Dataset entries
□ □ □

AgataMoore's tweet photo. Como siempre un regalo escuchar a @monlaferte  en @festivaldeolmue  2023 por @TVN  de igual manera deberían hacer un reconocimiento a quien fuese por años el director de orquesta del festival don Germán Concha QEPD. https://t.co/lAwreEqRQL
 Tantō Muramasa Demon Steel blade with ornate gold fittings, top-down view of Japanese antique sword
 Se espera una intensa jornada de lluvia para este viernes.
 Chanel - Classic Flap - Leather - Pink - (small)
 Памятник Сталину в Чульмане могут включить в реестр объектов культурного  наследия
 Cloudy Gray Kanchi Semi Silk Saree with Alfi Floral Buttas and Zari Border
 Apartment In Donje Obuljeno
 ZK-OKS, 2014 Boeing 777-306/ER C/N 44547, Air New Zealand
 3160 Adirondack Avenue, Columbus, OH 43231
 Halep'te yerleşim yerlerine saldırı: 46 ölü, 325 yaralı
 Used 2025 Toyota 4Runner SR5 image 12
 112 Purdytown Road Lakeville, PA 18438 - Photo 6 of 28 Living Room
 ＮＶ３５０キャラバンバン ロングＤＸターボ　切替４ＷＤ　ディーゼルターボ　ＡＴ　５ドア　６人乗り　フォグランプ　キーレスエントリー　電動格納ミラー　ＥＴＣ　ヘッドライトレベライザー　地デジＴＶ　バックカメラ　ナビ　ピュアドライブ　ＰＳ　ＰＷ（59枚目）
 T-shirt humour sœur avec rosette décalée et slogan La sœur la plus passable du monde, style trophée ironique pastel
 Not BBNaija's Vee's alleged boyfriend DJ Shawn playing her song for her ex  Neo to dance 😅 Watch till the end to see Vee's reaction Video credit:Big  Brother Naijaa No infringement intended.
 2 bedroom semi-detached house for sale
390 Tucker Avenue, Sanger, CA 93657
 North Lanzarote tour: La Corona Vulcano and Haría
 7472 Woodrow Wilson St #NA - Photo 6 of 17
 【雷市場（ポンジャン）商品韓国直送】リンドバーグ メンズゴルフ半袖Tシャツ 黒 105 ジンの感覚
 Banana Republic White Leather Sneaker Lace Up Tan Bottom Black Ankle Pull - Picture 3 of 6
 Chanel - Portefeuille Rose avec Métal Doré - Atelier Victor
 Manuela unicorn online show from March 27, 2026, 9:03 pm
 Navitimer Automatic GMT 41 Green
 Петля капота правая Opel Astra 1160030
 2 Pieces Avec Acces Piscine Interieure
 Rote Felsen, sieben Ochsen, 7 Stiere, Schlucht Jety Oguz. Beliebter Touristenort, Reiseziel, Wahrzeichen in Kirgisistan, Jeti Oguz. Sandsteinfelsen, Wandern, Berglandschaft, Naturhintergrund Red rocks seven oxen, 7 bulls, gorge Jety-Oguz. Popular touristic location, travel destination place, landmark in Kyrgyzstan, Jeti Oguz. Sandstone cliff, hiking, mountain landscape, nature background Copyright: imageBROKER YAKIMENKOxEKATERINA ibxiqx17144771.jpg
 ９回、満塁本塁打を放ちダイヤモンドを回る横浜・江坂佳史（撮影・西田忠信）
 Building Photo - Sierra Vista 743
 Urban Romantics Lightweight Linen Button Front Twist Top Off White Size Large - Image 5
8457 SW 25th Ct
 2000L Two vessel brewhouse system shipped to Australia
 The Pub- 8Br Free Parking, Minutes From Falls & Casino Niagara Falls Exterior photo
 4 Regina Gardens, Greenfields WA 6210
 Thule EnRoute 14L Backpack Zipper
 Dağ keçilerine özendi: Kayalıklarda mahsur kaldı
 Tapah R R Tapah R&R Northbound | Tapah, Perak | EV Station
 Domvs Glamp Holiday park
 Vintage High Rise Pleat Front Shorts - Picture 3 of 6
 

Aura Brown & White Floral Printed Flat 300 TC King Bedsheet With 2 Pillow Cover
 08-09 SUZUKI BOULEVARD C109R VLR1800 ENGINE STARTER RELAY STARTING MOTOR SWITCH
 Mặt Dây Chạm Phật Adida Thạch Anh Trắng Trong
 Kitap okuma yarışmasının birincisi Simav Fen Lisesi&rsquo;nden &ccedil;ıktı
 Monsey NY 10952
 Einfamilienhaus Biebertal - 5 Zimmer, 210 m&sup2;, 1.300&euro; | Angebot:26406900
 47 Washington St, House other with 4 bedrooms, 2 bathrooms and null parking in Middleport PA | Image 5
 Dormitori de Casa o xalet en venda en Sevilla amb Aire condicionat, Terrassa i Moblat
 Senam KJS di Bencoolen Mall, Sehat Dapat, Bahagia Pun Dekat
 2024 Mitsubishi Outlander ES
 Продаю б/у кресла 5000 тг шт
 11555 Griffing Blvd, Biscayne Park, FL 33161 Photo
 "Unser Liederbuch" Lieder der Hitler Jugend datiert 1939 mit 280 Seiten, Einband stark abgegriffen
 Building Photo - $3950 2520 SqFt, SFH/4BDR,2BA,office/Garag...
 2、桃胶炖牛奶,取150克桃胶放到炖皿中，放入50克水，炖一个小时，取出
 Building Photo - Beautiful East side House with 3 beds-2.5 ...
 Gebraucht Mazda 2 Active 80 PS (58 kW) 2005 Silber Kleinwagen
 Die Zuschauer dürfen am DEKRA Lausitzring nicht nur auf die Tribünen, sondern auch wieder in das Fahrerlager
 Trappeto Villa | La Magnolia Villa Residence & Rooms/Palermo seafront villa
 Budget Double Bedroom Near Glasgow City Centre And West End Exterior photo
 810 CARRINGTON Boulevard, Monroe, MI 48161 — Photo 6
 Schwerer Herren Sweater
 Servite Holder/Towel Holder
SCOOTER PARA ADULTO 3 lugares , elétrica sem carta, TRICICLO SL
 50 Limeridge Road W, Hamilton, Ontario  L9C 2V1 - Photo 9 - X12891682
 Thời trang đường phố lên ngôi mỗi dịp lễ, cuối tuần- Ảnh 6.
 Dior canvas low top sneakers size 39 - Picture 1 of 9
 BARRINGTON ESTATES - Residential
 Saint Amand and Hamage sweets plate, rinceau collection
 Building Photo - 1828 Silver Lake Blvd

□ □ □

Retype each line above, keeping every character.

AgataMoore's tweet photo. Como siempre un regalo escuchar a @monlaferte  en @festivaldeolmue  2023 por @TVN  de igual manera deberían hacer un reconocimiento a quien fuese por años el director de orquesta del festival don Germán Concha QEPD. https://t.co/lAwreEqRQL
 Tantō Muramasa Demon Steel blade with ornate gold fittings, top-down view of Japanese antique sword
 Se espera una intensa jornada de lluvia para este viernes.
 Chanel - Classic Flap - Leather - Pink - (small)
 Памятник Сталину в Чульмане могут включить в реестр объектов культурного  наследия
 Cloudy Gray Kanchi Semi Silk Saree with Alfi Floral Buttas and Zari Border
 Apartment In Donje Obuljeno
 ZK-OKS, 2014 Boeing 777-306/ER C/N 44547, Air New Zealand
 3160 Adirondack Avenue, Columbus, OH 43231
 Halep'te yerleşim yerlerine saldırı: 46 ölü, 325 yaralı
 Used 2025 Toyota 4Runner SR5 image 12
 112 Purdytown Road Lakeville, PA 18438 - Photo 6 of 28 Living Room
 ＮＶ３５０キャラバンバン ロングＤＸターボ　切替４ＷＤ　ディーゼルターボ　ＡＴ　５ドア　６人乗り　フォグランプ　キーレスエントリー　電動格納ミラー　ＥＴＣ　ヘッドライトレベライザー　地デジＴＶ　バックカメラ　ナビ　ピュアドライブ　ＰＳ　ＰＷ（59枚目）
 T-shirt humour sœur avec rosette décalée et slogan La sœur la plus passable du monde, style trophée ironique pastel
 Not BBNaija's Vee's alleged boyfriend DJ Shawn playing her song for her ex  Neo to dance 😅 Watch till the end to see Vee's reaction Video credit:Big  Brother Naijaa No infringement intended.
 2 bedroom semi-detached house for sale
390 Tucker Avenue, Sanger, CA 93657
 North Lanzarote tour: La Corona Vulcano and Haría
 7472 Woodrow Wilson St #NA - Photo 6 of 17
 【雷市場（ポンジャン）商品韓国直送】リンドバーグ メンズゴルフ半袖Tシャツ 黒 105 ジンの感覚
 Banana Republic White Leather Sneaker Lace Up Tan Bottom Black Ankle Pull - Picture 3 of 6
 Chanel - Portefeuille Rose avec Métal Doré - Atelier Victor
 Manuela unicorn online show from March 27, 2026, 9:03 pm
 Navitimer Automatic GMT 41 Green
 Петля капота правая Opel Astra 1160030
 2 Pieces Avec Acces Piscine Interieure
 Rote Felsen, sieben Ochsen, 7 Stiere, Schlucht Jety Oguz. Beliebter Touristenort, Reiseziel, Wahrzeichen in Kirgisistan, Jeti Oguz. Sandsteinfelsen, Wandern, Berglandschaft, Naturhintergrund Red rocks seven oxen, 7 bulls, gorge Jety-Oguz. Popular touristic location, travel destination place, landmark in Kyrgyzstan, Jeti Oguz. Sandstone cliff, hiking, mountain landscape, nature background Copyright: imageBROKER YAKIMENKOxEKATERINA ibxiqx17144771.jpg
 ９回、満塁本塁打を放ちダイヤモンドを回る横浜・江坂佳史（撮影・西田忠信）
 Building Photo - Sierra Vista 743
 Urban Romantics Lightweight Linen Button Front Twist Top Off White Size Large - Image 5
8457 SW 25th Ct
 2000L Two vessel brewhouse system shipped to Australia
 The Pub- 8Br Free Parking, Minutes From Falls & Casino Niagara Falls Exterior photo
 4 Regina Gardens, Greenfields WA 6210
 Thule EnRoute 14L Backpack Zipper
 Dağ keçilerine özendi: Kayalıklarda mahsur kaldı
 Tapah R R Tapah R&R Northbound | Tapah, Perak | EV Station
 Domvs Glamp Holiday park
 Vintage High Rise Pleat Front Shorts - Picture 3 of 6
 

Aura Brown & White Floral Printed Flat 300 TC King Bedsheet With 2 Pillow Cover
 08-09 SUZUKI BOULEVARD C109R VLR1800 ENGINE STARTER RELAY STARTING MOTOR SWITCH
 Mặt Dây Chạm Phật Adida Thạch Anh Trắng Trong
 Kitap okuma yarışmasının birincisi Simav Fen Lisesi&rsquo;nden &ccedil;ıktı
 Monsey NY 10952
 Einfamilienhaus Biebertal - 5 Zimmer, 210 m&sup2;, 1.300&euro; | Angebot:26406900
 47 Washington St, House other with 4 bedrooms, 2 bathrooms and null parking in Middleport PA | Image 5
 Dormitori de Casa o xalet en venda en Sevilla amb Aire condicionat, Terrassa i Moblat
 Senam KJS di Bencoolen Mall, Sehat Dapat, Bahagia Pun Dekat
 2024 Mitsubishi Outlander ES
 Продаю б/у кресла 5000 тг шт
 11555 Griffing Blvd, Biscayne Park, FL 33161 Photo
 "Unser Liederbuch" Lieder der Hitler Jugend datiert 1939 mit 280 Seiten, Einband stark abgegriffen
 Building Photo - $3950 2520 SqFt, SFH/4BDR,2BA,office/Garag...
 2、桃胶炖牛奶,取150克桃胶放到炖皿中，放入50克水，炖一个小时，取出
 Building Photo - Beautiful East side House with 3 beds-2.5 ...
 Gebraucht Mazda 2 Active 80 PS (58 kW) 2005 Silber Kleinwagen
 Die Zuschauer dürfen am DEKRA Lausitzring nicht nur auf die Tribünen, sondern auch wieder in das Fahrerlager
 Trappeto Villa | La Magnolia Villa Residence & Rooms/Palermo seafront villa
 Budget Double Bedroom Near Glasgow City Centre And West End Exterior photo
 810 CARRINGTON Boulevard, Monroe, MI 48161 — Photo 6
 Schwerer Herren Sweater
 Servite Holder/Towel Holder
SCOOTER PARA ADULTO 3 lugares , elétrica sem carta, TRICICLO SL
 50 Limeridge Road W, Hamilton, Ontario  L9C 2V1 - Photo 9 - X12891682
 Thời trang đường phố lên ngôi mỗi dịp lễ, cuối tuần- Ảnh 6.
 Dior canvas low top sneakers size 39 - Picture 1 of 9
 BARRINGTON ESTATES - Residential
 Saint Amand and Hamage sweets plate, rinceau collection
 Building Photo - 1828 Silver Lake Blvd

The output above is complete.